Dans un tel dossier, l’intervention de l’un ou l’autre carnet d’adresses ministériel paraît clairement superflue, car il semble difficile d’imaginer qu’un éventuel prochain propriétaire du Standard soit issu du sérail belge. Les pistes qui frappent actuellement à la porte de Sclessin viennent très majoritairement de l’étranger, souvent amenées par des agents qui font jouer leurs contacts pour amener le sauveur des Rouches et décrocher la commission qui va avec. Le monde politique pourrait intervenir dans un second temps, à l’heure d’aider à la bonne tenue des négociations en facilitant l’arrivée de nouveaux investisseurs à Liège. Là, les cas récents sont bien plus nombreux: lors du rachat d’Ostende par les Américains de Pacific Media Group, le bourgmestre Bart Tommelein était ainsi intervenu pour aider à régler le litige financier qui opposait les repreneurs à l’ancien propriétaire, le milliardaire Marc Coucke. Du côté de la capitale, Catherine Moureaux s’était publiquement enthousiasmée de sa première rencontre avec John Textor, le riche nouveau propriétaire du RWDM. Quant à l’Antwerp, il a pu poursuivre une croissance spectaculaire et rénover son stade en un temps record, notamment grâce à la volonté du bourgmestre Bart De Wever de faire briller sa métropole sur la carte sportive du pays.

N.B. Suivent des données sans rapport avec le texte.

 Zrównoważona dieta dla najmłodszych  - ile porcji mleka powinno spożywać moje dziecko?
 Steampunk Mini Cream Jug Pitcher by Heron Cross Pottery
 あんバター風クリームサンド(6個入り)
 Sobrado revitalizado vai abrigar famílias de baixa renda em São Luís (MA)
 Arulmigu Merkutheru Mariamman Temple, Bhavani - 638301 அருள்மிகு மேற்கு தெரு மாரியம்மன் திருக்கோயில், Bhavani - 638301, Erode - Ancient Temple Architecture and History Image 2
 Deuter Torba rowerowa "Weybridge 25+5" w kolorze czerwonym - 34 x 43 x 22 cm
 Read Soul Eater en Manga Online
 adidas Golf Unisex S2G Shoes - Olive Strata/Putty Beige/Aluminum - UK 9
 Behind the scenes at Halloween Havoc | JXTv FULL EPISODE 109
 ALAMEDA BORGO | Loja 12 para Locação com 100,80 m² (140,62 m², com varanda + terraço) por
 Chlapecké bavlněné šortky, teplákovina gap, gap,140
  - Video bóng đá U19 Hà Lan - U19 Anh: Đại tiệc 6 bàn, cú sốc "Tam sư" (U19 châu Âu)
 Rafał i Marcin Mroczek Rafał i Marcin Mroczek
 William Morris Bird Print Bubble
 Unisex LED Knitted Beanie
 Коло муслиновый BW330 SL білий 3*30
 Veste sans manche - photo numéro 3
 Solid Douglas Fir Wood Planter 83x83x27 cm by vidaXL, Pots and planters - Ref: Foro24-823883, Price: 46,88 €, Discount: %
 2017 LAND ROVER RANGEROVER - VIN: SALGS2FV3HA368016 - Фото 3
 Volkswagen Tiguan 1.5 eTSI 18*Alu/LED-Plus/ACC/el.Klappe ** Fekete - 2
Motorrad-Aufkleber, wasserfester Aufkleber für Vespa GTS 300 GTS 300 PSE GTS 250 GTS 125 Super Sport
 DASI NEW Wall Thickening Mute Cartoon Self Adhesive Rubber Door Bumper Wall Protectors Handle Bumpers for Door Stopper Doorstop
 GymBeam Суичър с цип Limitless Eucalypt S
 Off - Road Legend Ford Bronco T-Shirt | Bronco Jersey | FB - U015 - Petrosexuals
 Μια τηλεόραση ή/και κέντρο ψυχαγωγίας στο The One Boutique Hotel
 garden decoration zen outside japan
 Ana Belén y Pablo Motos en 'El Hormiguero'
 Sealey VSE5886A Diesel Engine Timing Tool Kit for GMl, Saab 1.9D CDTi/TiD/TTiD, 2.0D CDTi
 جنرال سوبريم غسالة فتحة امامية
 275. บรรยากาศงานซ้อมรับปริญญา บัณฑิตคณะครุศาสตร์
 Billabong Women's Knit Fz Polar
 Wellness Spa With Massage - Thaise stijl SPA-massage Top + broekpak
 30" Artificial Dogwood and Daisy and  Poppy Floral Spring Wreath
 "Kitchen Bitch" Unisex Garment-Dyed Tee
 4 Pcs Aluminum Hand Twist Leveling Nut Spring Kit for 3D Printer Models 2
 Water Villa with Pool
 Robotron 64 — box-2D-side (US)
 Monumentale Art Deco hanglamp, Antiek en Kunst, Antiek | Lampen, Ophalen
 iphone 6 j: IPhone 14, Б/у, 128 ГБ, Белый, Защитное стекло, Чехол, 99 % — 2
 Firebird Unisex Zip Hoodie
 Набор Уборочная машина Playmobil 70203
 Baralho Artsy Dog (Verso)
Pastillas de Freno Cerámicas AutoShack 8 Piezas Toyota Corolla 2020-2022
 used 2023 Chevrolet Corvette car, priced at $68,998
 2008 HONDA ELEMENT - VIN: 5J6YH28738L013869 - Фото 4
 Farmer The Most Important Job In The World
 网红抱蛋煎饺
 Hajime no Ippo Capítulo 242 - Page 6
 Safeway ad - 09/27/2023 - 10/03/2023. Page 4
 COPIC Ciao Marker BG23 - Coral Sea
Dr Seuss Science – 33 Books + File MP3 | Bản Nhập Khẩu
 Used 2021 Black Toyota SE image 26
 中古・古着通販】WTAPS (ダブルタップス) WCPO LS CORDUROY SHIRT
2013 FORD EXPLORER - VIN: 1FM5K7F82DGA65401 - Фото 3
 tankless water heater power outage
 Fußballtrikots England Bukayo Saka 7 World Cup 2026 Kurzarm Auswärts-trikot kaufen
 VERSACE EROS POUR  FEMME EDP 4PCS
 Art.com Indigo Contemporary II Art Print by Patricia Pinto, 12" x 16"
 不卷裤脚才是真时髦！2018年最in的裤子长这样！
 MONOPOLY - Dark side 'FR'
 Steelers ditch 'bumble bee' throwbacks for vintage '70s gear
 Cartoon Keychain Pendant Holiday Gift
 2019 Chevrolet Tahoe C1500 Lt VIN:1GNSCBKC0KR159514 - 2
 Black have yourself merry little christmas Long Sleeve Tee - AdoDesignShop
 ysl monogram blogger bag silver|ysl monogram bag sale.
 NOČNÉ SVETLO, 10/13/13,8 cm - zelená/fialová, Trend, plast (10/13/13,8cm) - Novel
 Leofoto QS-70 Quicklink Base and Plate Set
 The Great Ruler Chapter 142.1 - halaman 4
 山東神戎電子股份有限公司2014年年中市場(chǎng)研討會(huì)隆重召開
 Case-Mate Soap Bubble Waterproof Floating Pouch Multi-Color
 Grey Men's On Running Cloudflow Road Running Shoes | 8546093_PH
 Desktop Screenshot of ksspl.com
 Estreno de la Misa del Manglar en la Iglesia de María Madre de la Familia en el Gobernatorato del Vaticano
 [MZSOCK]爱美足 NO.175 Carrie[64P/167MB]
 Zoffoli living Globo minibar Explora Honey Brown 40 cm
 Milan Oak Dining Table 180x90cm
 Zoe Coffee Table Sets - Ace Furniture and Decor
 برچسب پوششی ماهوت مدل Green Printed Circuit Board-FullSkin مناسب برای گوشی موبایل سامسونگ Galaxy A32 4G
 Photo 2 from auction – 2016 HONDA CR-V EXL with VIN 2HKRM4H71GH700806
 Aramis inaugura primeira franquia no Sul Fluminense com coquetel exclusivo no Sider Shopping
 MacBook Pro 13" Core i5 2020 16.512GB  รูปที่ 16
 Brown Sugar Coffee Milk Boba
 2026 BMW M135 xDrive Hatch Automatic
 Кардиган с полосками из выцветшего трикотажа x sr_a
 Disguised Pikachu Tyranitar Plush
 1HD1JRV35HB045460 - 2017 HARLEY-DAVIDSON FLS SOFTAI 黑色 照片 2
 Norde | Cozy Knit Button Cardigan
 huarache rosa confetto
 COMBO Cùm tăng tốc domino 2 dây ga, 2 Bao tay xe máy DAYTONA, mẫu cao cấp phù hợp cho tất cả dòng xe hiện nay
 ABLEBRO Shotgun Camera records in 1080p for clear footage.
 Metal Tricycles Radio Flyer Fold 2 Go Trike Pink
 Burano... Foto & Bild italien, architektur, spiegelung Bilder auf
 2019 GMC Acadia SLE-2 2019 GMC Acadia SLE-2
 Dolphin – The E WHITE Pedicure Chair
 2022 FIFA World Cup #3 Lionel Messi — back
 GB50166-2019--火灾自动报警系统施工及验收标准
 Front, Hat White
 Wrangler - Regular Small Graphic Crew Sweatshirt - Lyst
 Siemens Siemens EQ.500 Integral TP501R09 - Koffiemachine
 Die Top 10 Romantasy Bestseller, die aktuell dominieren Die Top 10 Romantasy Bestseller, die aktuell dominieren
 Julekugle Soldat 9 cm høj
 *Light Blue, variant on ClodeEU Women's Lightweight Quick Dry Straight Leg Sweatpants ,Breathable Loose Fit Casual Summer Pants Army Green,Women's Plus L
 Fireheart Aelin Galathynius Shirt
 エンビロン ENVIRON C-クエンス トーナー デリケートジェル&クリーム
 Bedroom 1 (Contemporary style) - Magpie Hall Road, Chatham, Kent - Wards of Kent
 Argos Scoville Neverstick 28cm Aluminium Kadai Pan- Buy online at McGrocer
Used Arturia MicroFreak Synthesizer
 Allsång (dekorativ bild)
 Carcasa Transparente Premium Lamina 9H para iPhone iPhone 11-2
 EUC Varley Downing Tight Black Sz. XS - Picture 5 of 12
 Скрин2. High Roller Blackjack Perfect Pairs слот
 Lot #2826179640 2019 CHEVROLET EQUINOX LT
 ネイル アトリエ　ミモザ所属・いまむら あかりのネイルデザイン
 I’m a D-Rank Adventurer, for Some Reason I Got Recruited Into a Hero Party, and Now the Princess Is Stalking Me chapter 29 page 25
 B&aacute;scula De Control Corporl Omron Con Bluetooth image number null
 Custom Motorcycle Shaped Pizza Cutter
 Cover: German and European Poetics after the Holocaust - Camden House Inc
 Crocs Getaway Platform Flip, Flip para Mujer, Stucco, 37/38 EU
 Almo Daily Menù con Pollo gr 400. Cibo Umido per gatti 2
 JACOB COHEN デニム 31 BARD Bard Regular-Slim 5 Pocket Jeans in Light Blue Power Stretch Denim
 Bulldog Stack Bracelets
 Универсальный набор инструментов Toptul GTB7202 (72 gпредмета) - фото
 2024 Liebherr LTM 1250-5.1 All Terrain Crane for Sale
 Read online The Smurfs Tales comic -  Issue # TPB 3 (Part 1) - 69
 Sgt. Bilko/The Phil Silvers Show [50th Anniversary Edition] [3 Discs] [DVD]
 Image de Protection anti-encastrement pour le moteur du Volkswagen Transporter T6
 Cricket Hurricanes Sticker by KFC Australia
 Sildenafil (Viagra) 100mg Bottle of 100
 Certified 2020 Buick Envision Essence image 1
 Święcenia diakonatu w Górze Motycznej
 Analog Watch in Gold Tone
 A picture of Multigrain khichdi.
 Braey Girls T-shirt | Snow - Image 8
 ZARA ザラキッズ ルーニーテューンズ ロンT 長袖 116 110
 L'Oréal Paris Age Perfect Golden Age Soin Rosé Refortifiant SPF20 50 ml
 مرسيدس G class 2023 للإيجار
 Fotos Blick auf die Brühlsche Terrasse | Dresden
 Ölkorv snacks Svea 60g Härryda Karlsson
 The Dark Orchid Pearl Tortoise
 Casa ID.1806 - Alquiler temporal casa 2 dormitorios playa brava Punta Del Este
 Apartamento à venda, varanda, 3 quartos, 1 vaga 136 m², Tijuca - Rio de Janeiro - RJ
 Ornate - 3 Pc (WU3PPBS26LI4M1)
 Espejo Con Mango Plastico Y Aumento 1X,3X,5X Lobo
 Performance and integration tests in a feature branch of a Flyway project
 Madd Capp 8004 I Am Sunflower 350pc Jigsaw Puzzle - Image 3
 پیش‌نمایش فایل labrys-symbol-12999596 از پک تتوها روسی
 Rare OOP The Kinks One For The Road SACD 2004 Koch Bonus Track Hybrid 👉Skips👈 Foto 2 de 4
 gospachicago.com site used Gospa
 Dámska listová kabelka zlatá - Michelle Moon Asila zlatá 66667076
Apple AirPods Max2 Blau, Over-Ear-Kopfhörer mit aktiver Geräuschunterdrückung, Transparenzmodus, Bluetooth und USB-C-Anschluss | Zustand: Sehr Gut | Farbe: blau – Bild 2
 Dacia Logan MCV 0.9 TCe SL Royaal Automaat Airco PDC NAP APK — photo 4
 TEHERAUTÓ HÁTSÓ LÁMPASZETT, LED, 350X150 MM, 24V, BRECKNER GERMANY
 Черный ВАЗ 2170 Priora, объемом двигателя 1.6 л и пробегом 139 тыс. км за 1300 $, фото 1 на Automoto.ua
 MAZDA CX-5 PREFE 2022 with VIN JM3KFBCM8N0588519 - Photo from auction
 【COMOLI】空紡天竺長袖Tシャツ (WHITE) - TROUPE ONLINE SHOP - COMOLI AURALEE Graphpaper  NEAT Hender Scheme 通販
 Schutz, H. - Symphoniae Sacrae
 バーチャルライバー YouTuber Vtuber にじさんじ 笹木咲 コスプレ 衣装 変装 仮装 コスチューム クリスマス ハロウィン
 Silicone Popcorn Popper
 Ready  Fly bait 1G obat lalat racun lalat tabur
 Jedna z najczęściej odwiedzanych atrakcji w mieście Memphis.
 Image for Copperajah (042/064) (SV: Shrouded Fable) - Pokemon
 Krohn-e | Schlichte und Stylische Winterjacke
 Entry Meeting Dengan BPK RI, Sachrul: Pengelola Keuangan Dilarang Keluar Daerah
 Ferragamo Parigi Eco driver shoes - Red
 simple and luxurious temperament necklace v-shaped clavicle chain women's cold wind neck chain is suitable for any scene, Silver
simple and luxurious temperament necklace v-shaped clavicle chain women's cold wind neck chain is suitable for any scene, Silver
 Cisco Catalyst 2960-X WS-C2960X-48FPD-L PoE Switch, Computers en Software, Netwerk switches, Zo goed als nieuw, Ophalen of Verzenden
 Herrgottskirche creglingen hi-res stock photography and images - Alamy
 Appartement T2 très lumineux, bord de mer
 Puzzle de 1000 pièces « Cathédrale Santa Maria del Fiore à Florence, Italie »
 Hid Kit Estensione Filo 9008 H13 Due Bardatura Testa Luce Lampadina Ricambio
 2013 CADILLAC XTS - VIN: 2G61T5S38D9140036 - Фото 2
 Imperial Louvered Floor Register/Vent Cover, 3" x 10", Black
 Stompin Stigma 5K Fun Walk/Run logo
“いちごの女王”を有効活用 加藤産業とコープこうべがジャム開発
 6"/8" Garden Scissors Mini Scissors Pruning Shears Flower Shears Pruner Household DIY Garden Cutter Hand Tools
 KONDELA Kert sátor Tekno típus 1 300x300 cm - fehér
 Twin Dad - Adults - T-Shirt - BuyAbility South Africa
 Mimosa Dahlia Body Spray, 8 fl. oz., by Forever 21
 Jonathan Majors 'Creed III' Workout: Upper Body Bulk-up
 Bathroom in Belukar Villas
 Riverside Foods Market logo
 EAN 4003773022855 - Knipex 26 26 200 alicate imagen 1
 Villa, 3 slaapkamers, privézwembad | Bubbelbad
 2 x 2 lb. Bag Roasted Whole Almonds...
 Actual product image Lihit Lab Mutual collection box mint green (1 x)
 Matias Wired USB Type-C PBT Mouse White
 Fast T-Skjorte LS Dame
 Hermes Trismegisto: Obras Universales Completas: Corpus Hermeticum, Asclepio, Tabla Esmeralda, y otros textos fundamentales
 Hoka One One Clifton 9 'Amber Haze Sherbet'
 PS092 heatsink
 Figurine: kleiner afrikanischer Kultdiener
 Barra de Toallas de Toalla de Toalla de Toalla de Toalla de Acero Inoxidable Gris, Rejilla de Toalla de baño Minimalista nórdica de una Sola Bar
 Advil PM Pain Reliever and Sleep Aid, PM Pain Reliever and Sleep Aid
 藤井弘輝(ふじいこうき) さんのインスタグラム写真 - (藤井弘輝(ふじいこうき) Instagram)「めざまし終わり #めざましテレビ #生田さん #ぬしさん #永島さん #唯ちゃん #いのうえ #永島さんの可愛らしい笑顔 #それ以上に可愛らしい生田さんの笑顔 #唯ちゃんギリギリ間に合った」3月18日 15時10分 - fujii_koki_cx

A l’époque où Bruno Venanzi avait créé une société immobilière pour racheter le stade de Sclessin, il se murmurait que Noshaq, le bras financier liégeois, envisageait de se joindre au fastueux projet. Dans les couloirs de la société d’investissement, on reconnaissait que le potentiel du quartier, d’où doit un jour s’élancer le tram principautaire (un privilège obtenu à l’époque grâce aux excellentes relations entretenues par Lucien D’Onofrio avec le monde politique liégeois), ne laisse pas indifférent, et que l’importance croissante de Noshaq Immo pourrait inciter le fonds à franchir le pas.

Si l’histoire a pris un détour bien différent de celui imaginé à l’époque, elle prouve une fois de plus que le monde politico-économique n’est jamais bien loin du Standard. Sclessin est une belle caisse de résonance, et pas seulement grâce aux chants de son public ardent.